もうすぐ亡くなって10年が経過する自分の父親は、目上でも言う事を聞かない親戚でも有数の自我を押し通す人物として知れ渡ってました、それは裏を返せば「自分の気持ちへ忠実に、ビジネスでも何でもやりたい様に頑として押し通す」。自分がある意味男子として最も父親を尊敬する理由です、この世にはもういないのに気持ちの中での存在感は、刻一刻と強くなって行くのが明確に分かります。

周囲の期待を一身に背負い、与えられたレール上を懸命に走る。
これはこれで立派な志です、ましては確かな地盤があれば尚の事かもしれません。

でもそれだけでは飽き足らない~わがままと言ったらそれまですが、様々なきっかけが契機になり「父親がそうであった様にもう良い子にはならないし、なれそうもない。だったら見えてくる景色も随分と違うのでは」図らずも、父親と同じ反骨精神の構造を持ってこれからの人生を、新しく展開するビジネスを通じ自分の思いを衆目のニーズと合致させて行く所存です。
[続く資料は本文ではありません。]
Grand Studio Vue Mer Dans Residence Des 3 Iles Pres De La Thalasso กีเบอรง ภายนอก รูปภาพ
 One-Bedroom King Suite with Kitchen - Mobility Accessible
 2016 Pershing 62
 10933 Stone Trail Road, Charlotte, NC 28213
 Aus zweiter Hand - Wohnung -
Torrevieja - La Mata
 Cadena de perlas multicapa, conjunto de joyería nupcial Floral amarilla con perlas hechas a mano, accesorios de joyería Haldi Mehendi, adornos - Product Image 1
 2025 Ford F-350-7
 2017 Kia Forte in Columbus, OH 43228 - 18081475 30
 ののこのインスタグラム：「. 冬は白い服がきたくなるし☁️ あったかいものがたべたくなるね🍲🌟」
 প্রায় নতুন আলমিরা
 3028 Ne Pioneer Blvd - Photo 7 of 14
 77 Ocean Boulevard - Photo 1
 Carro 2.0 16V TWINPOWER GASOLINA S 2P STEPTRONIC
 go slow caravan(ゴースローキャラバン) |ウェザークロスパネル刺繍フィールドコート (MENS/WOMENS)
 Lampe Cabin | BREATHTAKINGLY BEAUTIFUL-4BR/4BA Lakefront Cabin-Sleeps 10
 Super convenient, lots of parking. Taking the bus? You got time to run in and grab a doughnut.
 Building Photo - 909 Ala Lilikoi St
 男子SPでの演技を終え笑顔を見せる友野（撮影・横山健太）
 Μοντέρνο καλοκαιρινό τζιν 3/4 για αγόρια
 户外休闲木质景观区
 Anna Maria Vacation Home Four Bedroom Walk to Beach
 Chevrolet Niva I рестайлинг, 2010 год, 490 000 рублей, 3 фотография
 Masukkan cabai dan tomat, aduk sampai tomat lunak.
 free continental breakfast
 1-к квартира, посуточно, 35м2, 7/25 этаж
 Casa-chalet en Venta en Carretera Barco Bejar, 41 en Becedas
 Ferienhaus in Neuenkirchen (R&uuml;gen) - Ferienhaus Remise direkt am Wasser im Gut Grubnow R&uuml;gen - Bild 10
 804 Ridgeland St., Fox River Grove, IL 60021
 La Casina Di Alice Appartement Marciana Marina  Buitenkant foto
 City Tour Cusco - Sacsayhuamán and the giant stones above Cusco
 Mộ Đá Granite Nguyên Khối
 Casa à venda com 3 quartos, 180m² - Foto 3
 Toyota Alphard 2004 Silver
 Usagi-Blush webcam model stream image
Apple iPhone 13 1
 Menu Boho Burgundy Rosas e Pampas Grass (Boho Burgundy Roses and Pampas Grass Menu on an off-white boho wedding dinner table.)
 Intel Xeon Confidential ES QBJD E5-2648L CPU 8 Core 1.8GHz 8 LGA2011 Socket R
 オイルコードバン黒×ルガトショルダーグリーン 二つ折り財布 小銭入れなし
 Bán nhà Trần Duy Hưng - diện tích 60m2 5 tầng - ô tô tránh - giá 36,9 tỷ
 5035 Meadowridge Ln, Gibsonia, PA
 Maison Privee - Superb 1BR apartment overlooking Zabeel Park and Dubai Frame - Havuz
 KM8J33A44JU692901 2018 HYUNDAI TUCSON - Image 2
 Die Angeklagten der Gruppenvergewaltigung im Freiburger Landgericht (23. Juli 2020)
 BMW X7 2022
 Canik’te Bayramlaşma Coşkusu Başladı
ただ救いなのは父親が興した前職の企業が、形を変えながら現在も永らえていると言う事実。社長としては十二分に落第点かもしれませんが天上でさぞ喜んでいる筈です、自分にとってはこの会社を以前承継させて頂き、義理出来て良かったと胸を張れます。

亡くなった日が自分の誕生日と一緒の映画スターであったかの石原裕次郎は、一時兄や当時所属した映画会社の敷いたレールで過ごすも、自我に目覚め同じ俳優業を志しながら一方で起業を行い、自分自身の可能性を追求しました、結果的にそれが寿命を縮める事になっても市井の人々にはその生い立ちや経歴、そして破格の金額と童心に還り~崇高の志で制作した映画やテレビドラマが注目を集め、永く記憶に残る。

これらを少なくとも自分は「脈々と流れる、反骨精神の象徴」として、高い支持を受けたのであろうと思います。

大げさではなく、立ち位置は異なっても目指すところはここしかないと確信しています、実際既に5歳くらいは若返っているかな?と思ったりして・・・。

既に起業して早10ヶ月、書くのもナンですが水面下では既にビジネスが複数動いています、株式会社として利益を追求するする事は当然ですが「衆目の印象に図らずも残る企業」としての志を決して忘れずに全うする事が、「小さく生んで大きく育てる」結果に繋がって行けたらと思います。

「乾坤一擲」。この四字熟語で今回コラムを締めます。

── 今回コラムの骨子 ──

  • 餅は餅屋に任せ、自分自身でこれからのビジネスに臨んでいるし、既に挑み続けている。
  • おそらく亡父を支えたモチベーションも「反骨精神」。
  • 自分の誕生日に天上へ召されたかの映画俳優も、精神構造はそうだったに違いないと言えるかも。